March of Dimes holds walk to raise money, awareness for premature births
Over 450 residents helped raise more than $140,000 in organizations 47th annual walk/run fundraiser
Raising money and uniting families and businesses to support its mission to prevent premature birth, birth defects and infant mortality, the March of Dimes of Prince George’s County held its 47th annual March for Babies event on April 30 at Watkins Regional Park in Upper Marlboro.
“The walk today is a 3-mile walk within Watkins Park and our mission is for premature babies — babies born with birth defects — and infant mortality which is any death of a baby under the age of 1,” March of Dimes Suburban Maryland Division Commu- nity Director Sandra Sanna-Buckles said. “So we’re hoping to raise awareness and to raise money towards research and programs to support our mission.”
More than 450 residents, including families, fraternities, sororities and corporate teams, participated in the march and helped raise more than $140,000 to help give every baby a fighting chance. In total, they walked about 1,350 miles. Special guests
included emcee Shomari Stone from NBC4 News, March for Babies 2016 Chairwoman Deborah Scott Thomas and the 2016 March of Dimes Suburban Maryland ambassador family, the Grimes family, according to a March of Dimes press release.
Thomas said she is proud to be part of a community where people can come together for a great cause. The health of moms and their babies are important to the to the people of Prince George’s County, she said.
“We are trying to prevent premature births [by] providing health and education to women who are going into motherhood so that way they will know how to get prepared,” Thomas said.
Other notable guests who attended the event was March for Babies 2015 Chairman Walter Kirkland. Kirkland, whose older son was born premature, said he is honored to support an organization that not only gives back to families in need, but also has a huge following both regionally and nationally.
For Kirkland, he gets joy from seeing families and people coming together to help give every baby a fighting chance at life.
“Organizations like the March for Dimes and March for Babies is an awesome, awesome organization that does research and development and historically has helped a lot of families not only in Prince George’s County, but across the country,” said Kirkland, who is also former president of 100 Black Men of Prince George’s County Inc. “To partner with this type of organization, you’ve got to make a difference in society and we’re honored to be a part of it. … When you’re directing this kind of thing, no one is getting paid. … It brings a lot of joy to my heart to be a part of this every single year. This type of programming is just awesome so we’re going to continue to bring a lot of awareness.”
About 30 babies are born premature in an average week in Prince George’s County, and at least two will not reach their first birthday. March for Babies, the signature fundraiser for the March of Dimes, has raised nearly $3 million across Maryland and the National Capital Region last year, and more than $2 billion nationwide since the organization’s inception in 1970. The March of Dimes is committed to funding research to find the answers to problems that continue to threaten the lives and health of premature babies, the press release also noted.

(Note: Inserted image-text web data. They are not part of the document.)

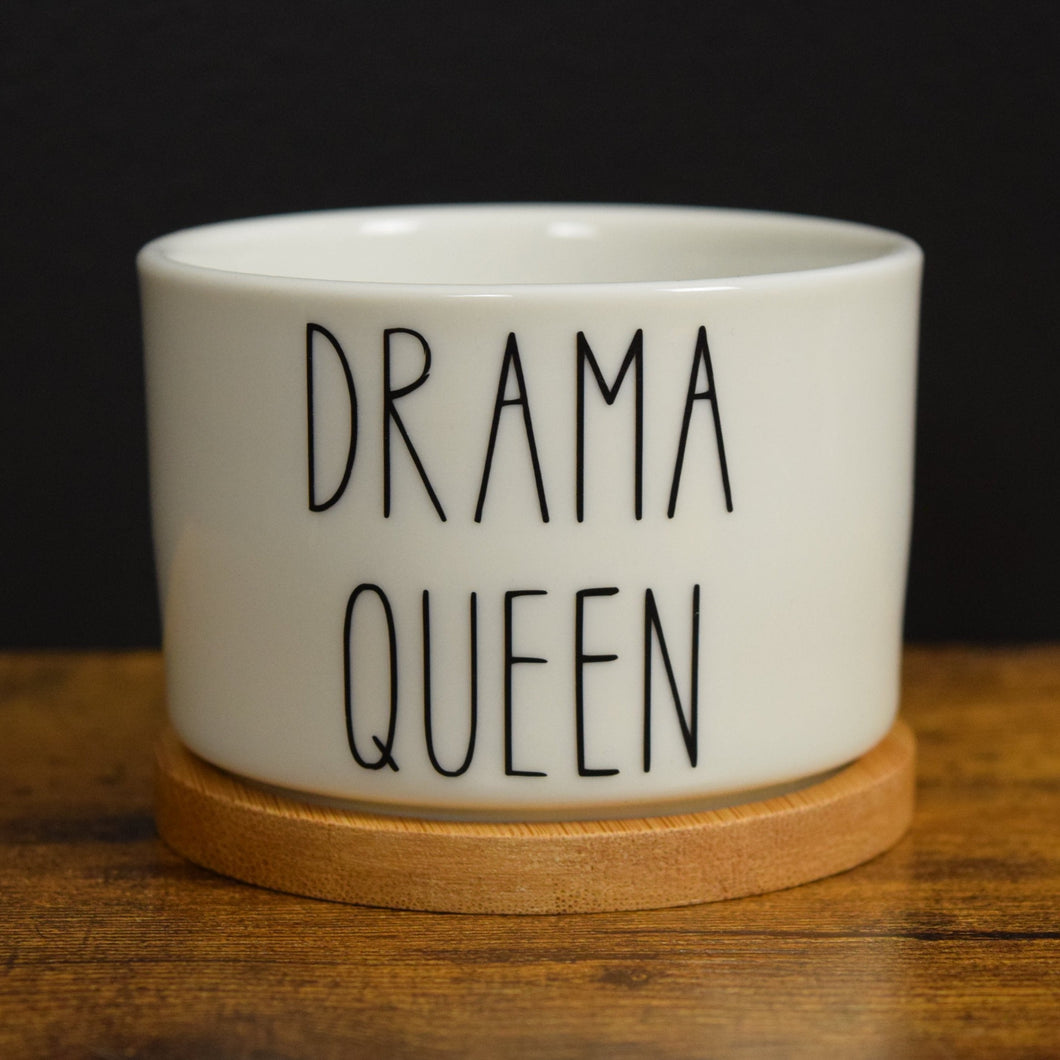 Drama Queen Succulent Pot, Funny Mini 3 inch Pot With Bamboo Drip Tray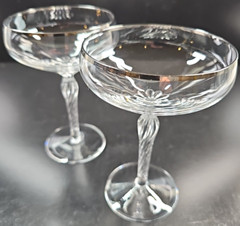 2 Lenox Madison Platinum Champagne Sherbert Glasses Set Crystal Twisted Stemware
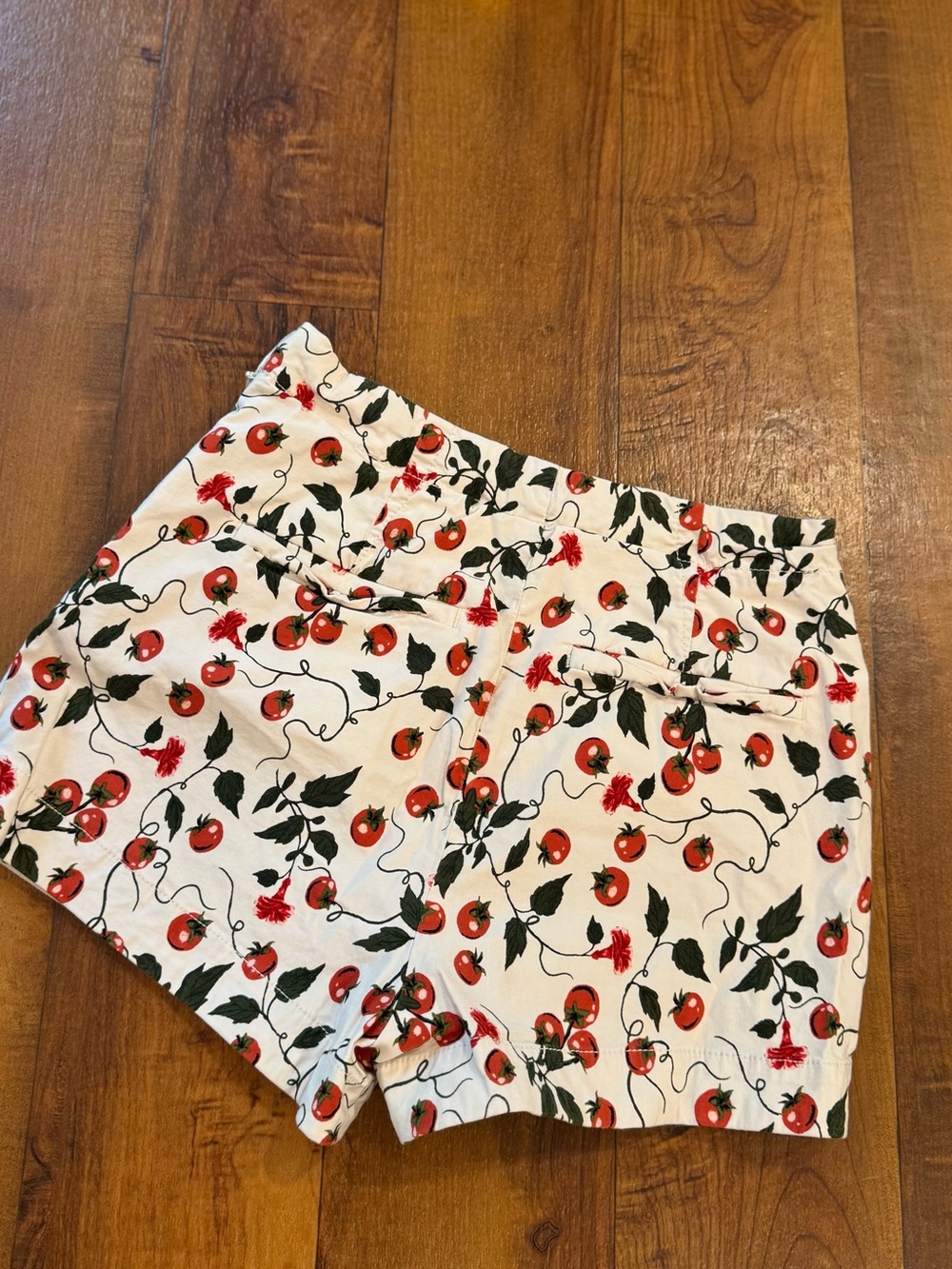 Anthropologie Maeve White Shorts with Red Cherry Tomatoes Print Womens size 2 - Picture 4 of 5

“I love the opportunity to meet the organizations that are working with the youth and the idea that we’re able to provide support for young babies,” said Alonzo Robertson, a member of the Alpha Phi Alpha Fraternity Inc., Kappa Epsilon Lambda Chapter who was born premature. “Alpha Phi Alpha finds itself on working with the community. … I continue to be a member of Alpha Phi Alpha and participate because of the work that we’re able to do in the community.”
One of the people helping to bring awareness in the local community is Shauna and Mike Grimes. Their daughter, Kami, was born at 30 weeks and spent two months in the newborn intensive care unit before going home. Kami was later diagnosed with a barrage of medical ailments including periventricular leukomalacia — a brain injury found particularly in premature infants — epilepsy and cerebral palsy. The Grimes family is dedicated to making sure other parents don’t experience the same trauma and have healthy, full-term pregnancies, according to the press release.
As the March of Dimes’ 2016 ambassador family representing Suburban Maryland, Shauna Grimes said it’s a heartwarming gesture because she knows her family is helping others.
“We just want to give our story about how much we love the March of Dimes and why we walk,” she said. “Kamryn was two months early and without the March of Dimes, she may not have made it. So we just want to spread the awareness and share our story with everyone. … Every day is scary, every seizure is scary and anything can take her life at any time. But we just fight through every day and she does it with a smile. … It warms our hearts because we know that we are helping other people and we want to continue to do that, just like the March of Dimes. This is why we’re here— we want a world full of healthy babies.”
Schwandee R. Elias of Largo, far left, leads a zumba exercise as March of Dimes 2016 Chairwoman Deborah Scott Thomas dances along with the other participants.